# [What you are asked to do]
Include the line containing "Man In Black" and every line after it up to the end of the material below; reproduce them exactly and drop the pictures.

# [Supplied information]
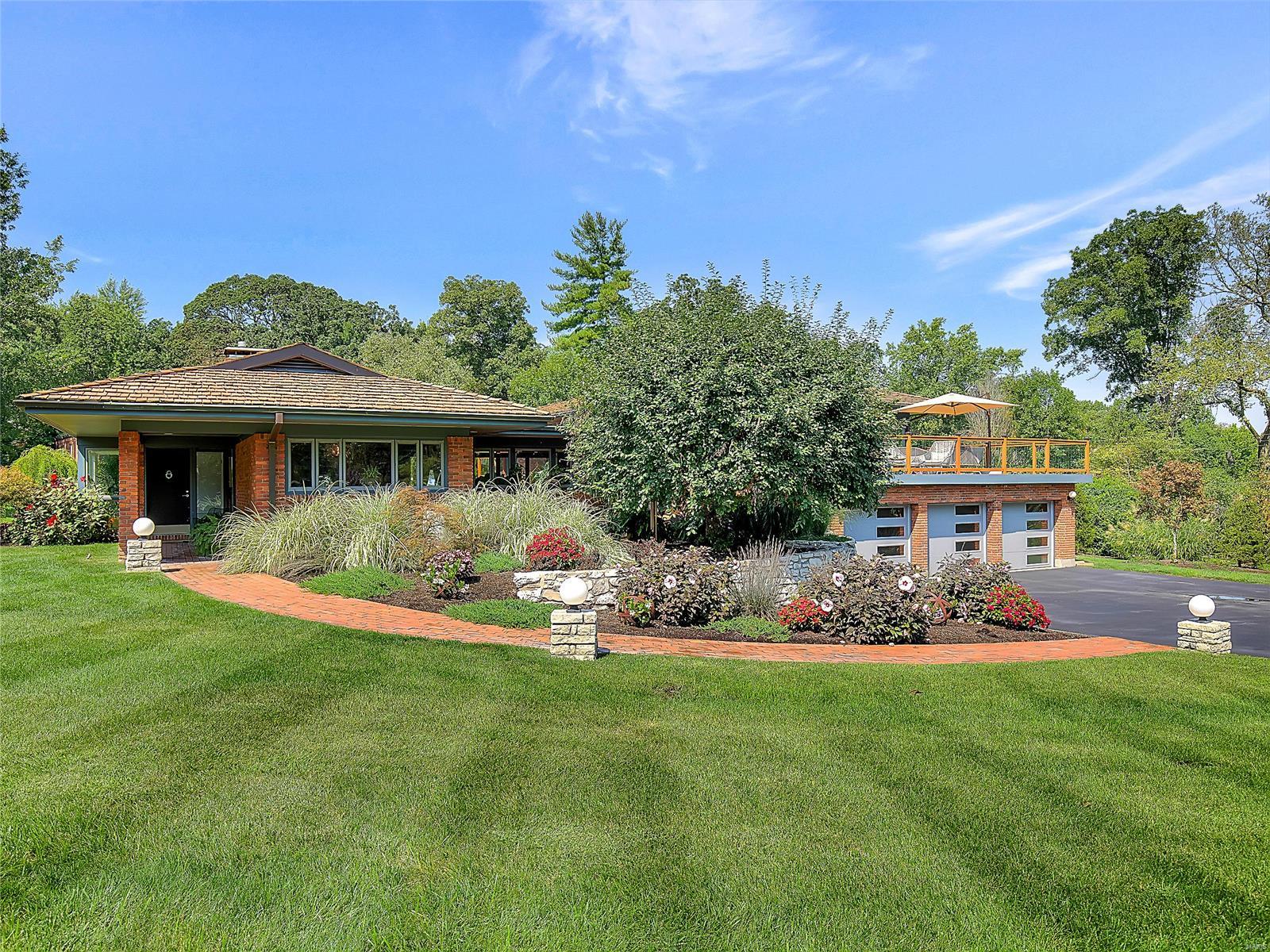 A true show stopper, this impeccably maintained and beautifully renovated contemporary home on a private Ladue lane lends itself to both modern and traditional tastes. A stunning open floorplan welcomes you and immediately you are taken away by the impressive windows, incredible finishes and treasured design. The remarkable kitchen with adjacent mudroom with cubbies is open to the striking dining room and entry gallery. Off the gallery is the expansive living room and den. Up a few stairs you'll find a bonus area which could be an office or homework space with sliding doors that lead to a 700+ square ft deck. On this level you will also find 4 bedrooms and 4 baths; the master featuring his and hers full baths. All rooms equipped with electric blinds, impressive baths and walk-in closets. The ground floor offers a family room, exercise room, an en suite bedroom, and an addl bedroom. A large laundry, 3 car garage and extraordinary landscaping round out this spectacular property. Additional Rooms: Mud Room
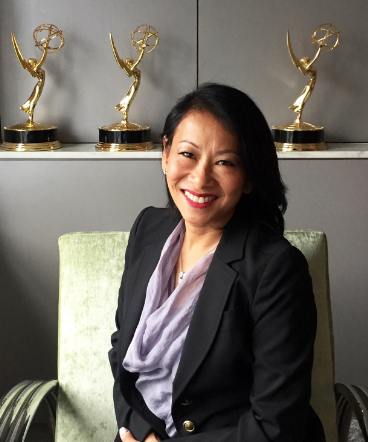 Melissa Lonner At Her Office in front of her achievements in the form of Awards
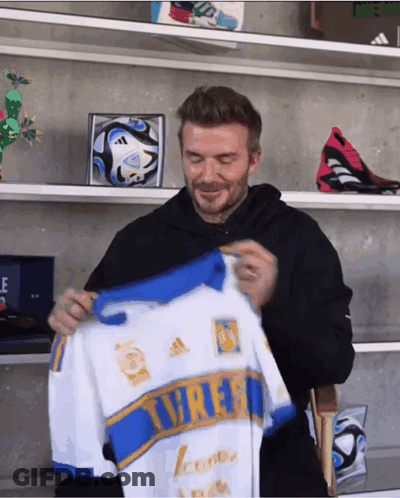 Man In Black Hoodie Holding White And Blue Tigres Jersey GIF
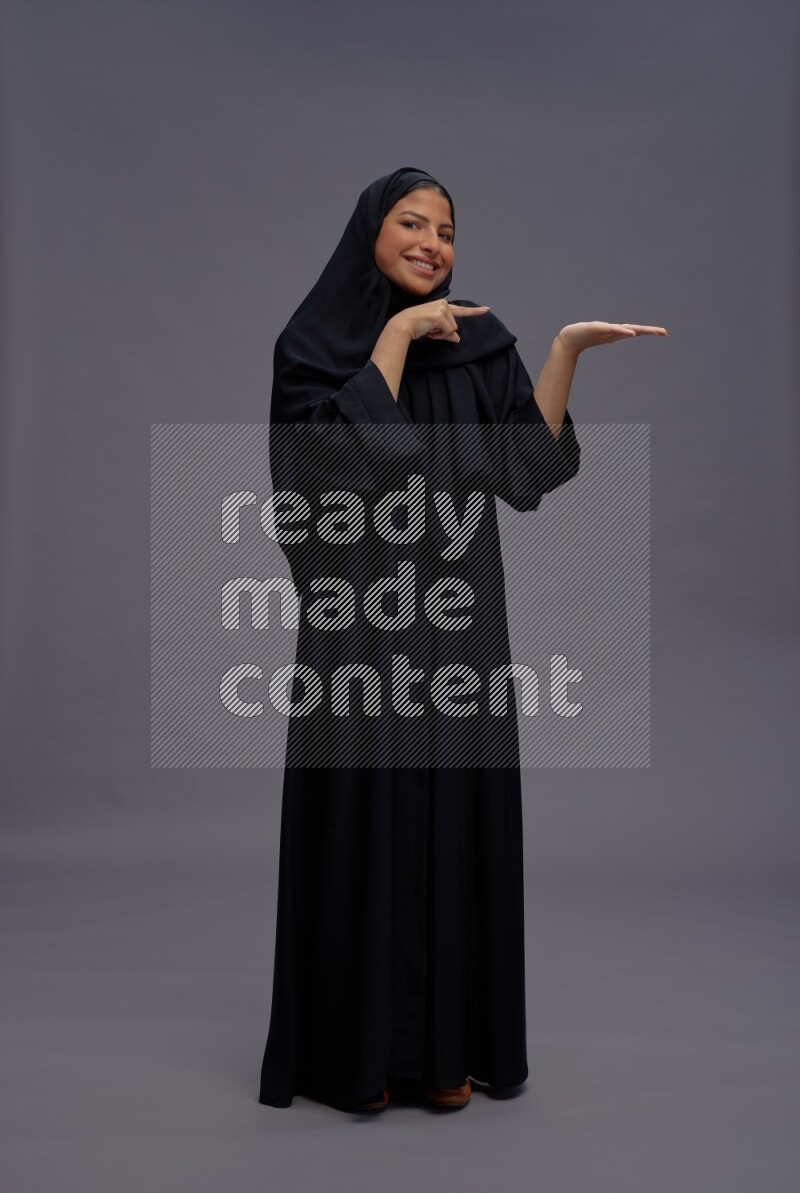 Saudi woman wearing Abaya standing interacting with the camera on gray background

# [Result]
 Man In Black Hoodie Holding White And Blue Tigres Jersey GIF
 Saudi woman wearing Abaya standing interacting with the camera on gray background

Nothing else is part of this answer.